**DATASET SECTION**
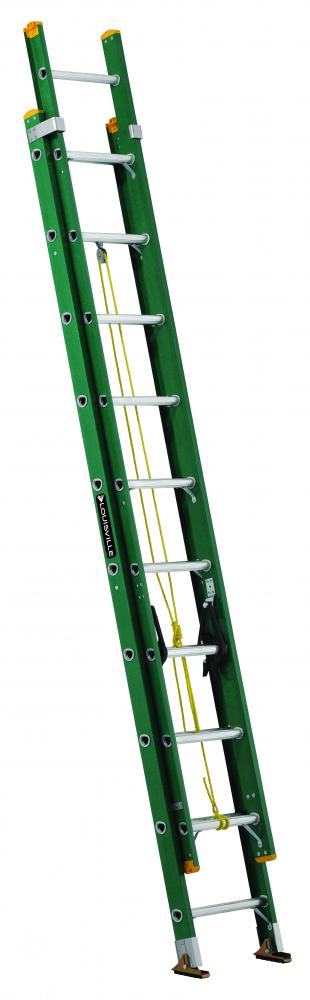 20&#39; Fiberglass Extension Ladder, Type II, 225 lb Load Capacity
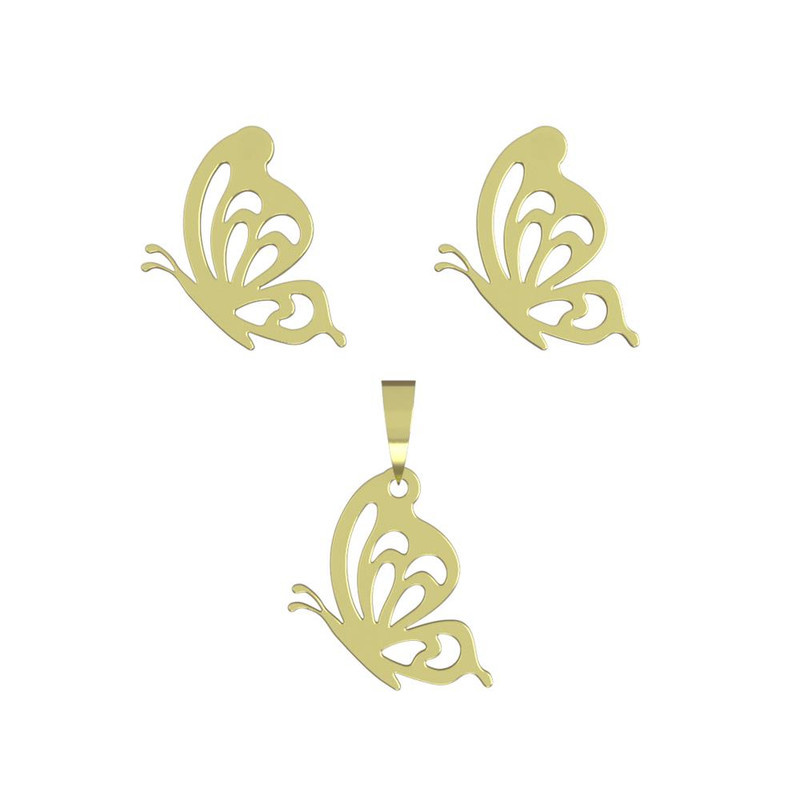 نیم ست طلا 18 عیار زنانه مدوپد مدل پروانه کد NA11418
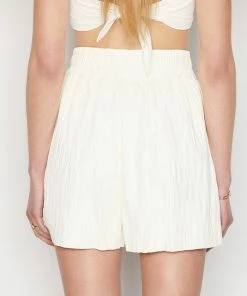 Promo π Frame-denim π© Women Pleated Leather Short -- Bone π― 12 Frame-denim Women Pleated Leather Short -- Bone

**WHAT IS REQUIRED**
Write every line above out again exactly; pictures do not belong in the copy.

**OUTPUT OF THE TASK**
 20&#39; Fiberglass Extension Ladder, Type II, 225 lb Load Capacity
 نیم ست طلا 18 عیار زنانه مدوپد مدل پروانه کد NA11418
 Promo π Frame-denim π© Women Pleated Leather Short -- Bone π― 12 Frame-denim Women Pleated Leather Short -- Bone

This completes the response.